How does Bradley Beal evaluate it when things are clicking into place at one point and then it’s a jumbled-up mess just a short while later?

“I’m not really sure what happens in those instances but I know for the majority of it we do have times in which adversity hits and we’ll kind of get flat,” Beal said. “We gotta get out of that, get away from that. We have to continue to compete, continue to push. Teams are gonna go on their runs just like we go on our runs — that’s the game. Why it happens? I wish I had an answer. I know that’s probably not what you want to hear.”

Head coach Frank Vogel was asked if he believes there’s a correlation between when his team breaks down or if it’s basketball circumstances, a coincidental flow of each game.

“The first two games I thought it was two different things,” he said. “I gotta look at the tape tonight. I really feel like, we just missed a lot of shots and we left some of their shooters open. They were able to separate and get a lead.”

So he doesn’t think it’s a mental thing?

“No.”

The vast difference in adjustments and execution of those adjustments, the No. 1 talking point of the preview for Game 3 covered in this space, continued. If this doofus you’re reading can see it, obviously the professional basketball organization can. And yet, they are totally hopeless in that process, both the players and the coaches inside the total collective.

Because of the Suns’ ineptitude when it comes to properly jelling and flowing off each other like a good basketball team is supposed to, it’s basketball warts wack-a-mole. Phoenix only turned the ball over 10 times but allowed 19 second-chance points, an issue from Game 1 that popped right back up.

It was another Suns outing where neither Beal, Booker nor Kevin Durant could lift their team and go beyond the suffocating limitations of the group’s alarming connectivity. They are a Big 3 and we are looking at a three-game sample of Phoenix not having one of the best three or even four players on the floor. And I’d listen to arguments going further down the list.
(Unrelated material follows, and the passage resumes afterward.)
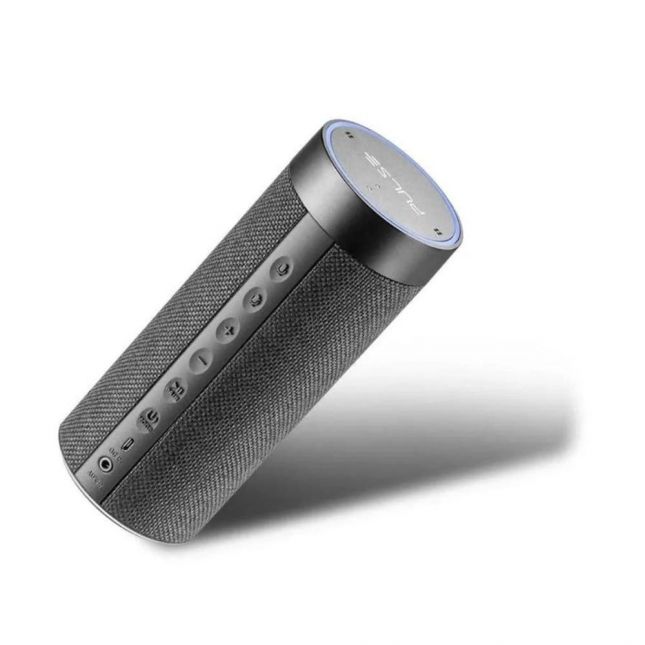 Caixa De Som Multilaser Alexa Smarty Pulse Speaker Bluetooth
An elimination game looms for Booker, who has been the one constant around what looks like it will be three straight years of embarrassing playoff exits. Are we ready to see that become his legacy? Some people are already there. This is instead of him becoming the guy who should be widely considered the best player in franchise history. But now that comes with its own question marks attached and I’m sure lots of frustrated Suns fans reading that scoffed at the mere suggestion of that label now.

The Timberwolves’ depth was a concern coming into this matchup and Game 3 is when that all came together.

Anthony Edwards took over in a mildly rocky fourth quarter for Minnesota to get up to 36 points with nine rebounds, five assists and two steals. Consider this series his coronation. Karl-Anthony Towns feasted on smaller defenders to drive to 18 points and 13 rebounds while it was another great Rudy Gobert night, 19 points and 14 rebounds.

Mike Conley kept things relatively afloat over the patches when Edwards was sifting through double-teams, contributing 14 points and seven assists. Both Nickeil Alexander-Walker (16 points) and Naz Reid (13) had great games off the bench. Alexander-Walker, in particular, is introducing himself to the casual basketball fan and is going to make a whole lot of money in the summer of 2025.

Phoenix was without Grayson Allen (right ankle sprain) but it’s not even worth getting into the impact of that or rotation choices beyond him with what is truly plaguing the Suns.